Veranstalter: Prof. Dr. Peter Risthaus, Helmut Hofbauer
Die ‚Computerdichtung‘ hat erheblich aufgerüstet und zwar nicht allein technisch: Lyrik-Bots und vergleichbare Textgeneratoren laufen jetzt auf Twitter und in anderen sozialen Medien, von diversen Websites ganz zu schweigen. Was wird Dichtung unter digitalen Bedingungen gewesen sein?
Digitale Hermeneutik und digitale Produktion: Der poetische Maschinenraum von Theo Lutz
PD Dr. Toni Bernhart (Universität Stuttgart)

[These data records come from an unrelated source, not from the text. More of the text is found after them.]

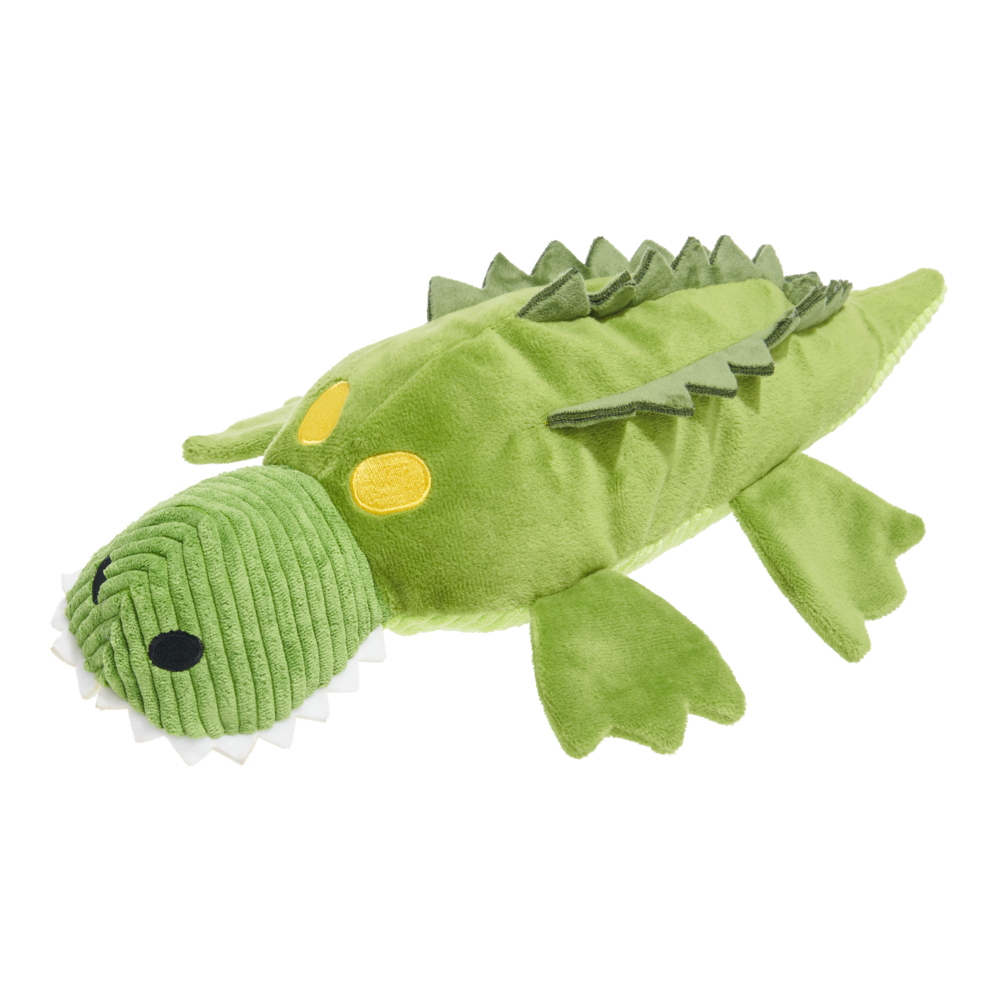 Front View of BARK Karri Crocodile Dog Toy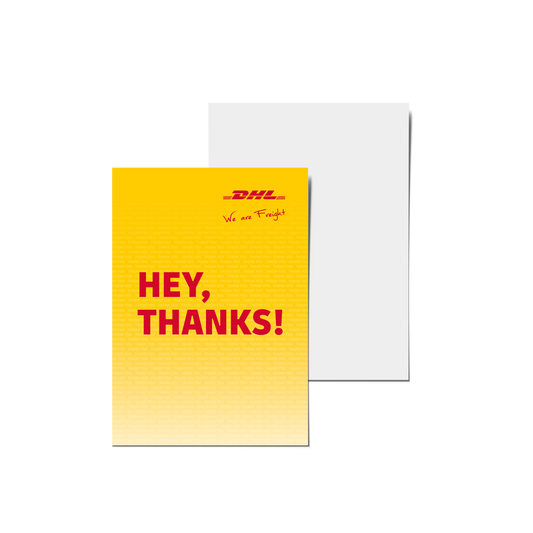 DHL Freight „Hey, Thanks“ Postcard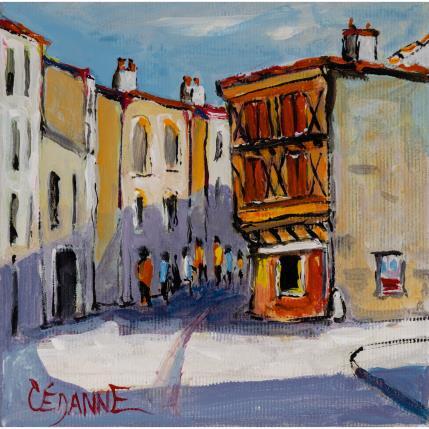 Painting La plus vieille maison du village by Cédanne | Painting Figurative Acrylic, Oil Landscapes, Life style, Urban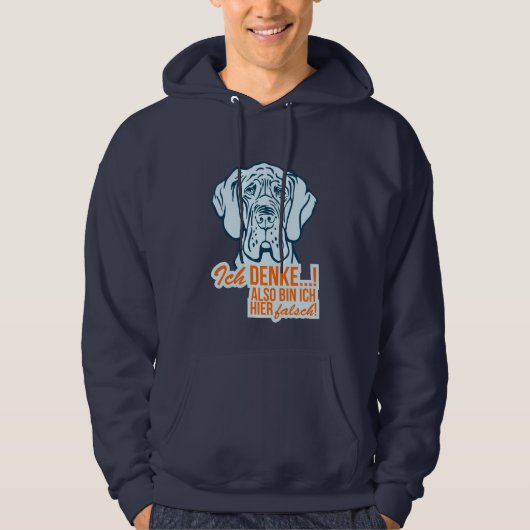 Ik denk! hoodie (Voorkant)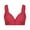 Red, variant on Aofany Women's Plus Size Front Closure Wireless Bra Full Cup Lift Bras for Women No Underwire Shaping Wire Free Everyday Bra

Es ist kennzeichnend für die frühe digitale Hermeneutik der 1950er Jahre, dass sehr rasch ein Umkehrschub unternommen wird: Algorithmen sollen Texte nicht nur segmentieren und analysieren, sondern auch produzieren. Sinn wird dadurch nicht mehr nur dekontextualisiert, sondern konstituiert. Exemplarisch dafür ist der Stuttgarter Mathematiker Theo Lutz, der 1959 zusammen mit Max Bense und Rul Gunzenhäuser mithilfe eines Programms im Freiburger Code auf einer Zuse Z22 seine „Stochastischen Texte“ herstellt. Zur Debatte stehen u.a. die Doppelrolle des Programmierers, wenn dieser als Editor – wie Lutz – Eingriffe und Umschriften am maschinengenerierten Text vornimmt.
PD Dr. Toni Bernhart leitete von Oktober 2015 bis März 2020 das von der Deutschen Forschungsgemeinschaft (DFG) geförderte Forschungsprojekt „Quantitative Literaturwissenschaft“ am Institut für Literaturwissenschaft und am Stuttgart Research Centre for Text Studies der Universität Stuttgart. Seine Forschungsschwerpunkte sind unter anderem Quantitative Literaturwissenschaft, die Wissenschaftsgeschichte der Digital Humanities und Literatur und Akustik. Zudem ist er als Regisseur und Autor von Theaterstücken tätig.
Sind Programmiersprachen poetisch?
Dr. Till Heilmann (Ruhr-Universität Bochum)
Bereits frühe Elektronenrechner wurden programmiert, um ‚Poesie‘ zu erzeugen. Experimente wie Christopher Stracheys Love Letters am Ferranti Mark I (1952) und Theo Lutz’ Stochastische Texte an der Zuse 22 (1959) stellten mit neuartigen Techniken zur Diskussion, was als Dichten oder als Dichtung gelten darf. Ausgehend von Friedrich Kittlers Bemerkung, Computer würden erstmals den „Wortsinn von Poesie“ einlösen, aber jenseits einzelner Computergedichte und -modelle, will der Vortrag der Frage nachgehen, wie die Poesie von Programmiersprachen selbst in der Geschichte der Computer verhandelt wurde.
Dr. Till Heilmann forscht als Akademischer Rat am Institut für Medienwissenschaft der Ruhr-Universität Bochum. 2008 wurde er mit einer Arbeit zum Computer als Schreibmaschine promoviert. Seine Forschungsschwerpunkte sind Digitale Bildbearbeitung, Algorithmen und Computerprogrammierung, nordamerikanische und deutschsprachige Medienwissenschaft.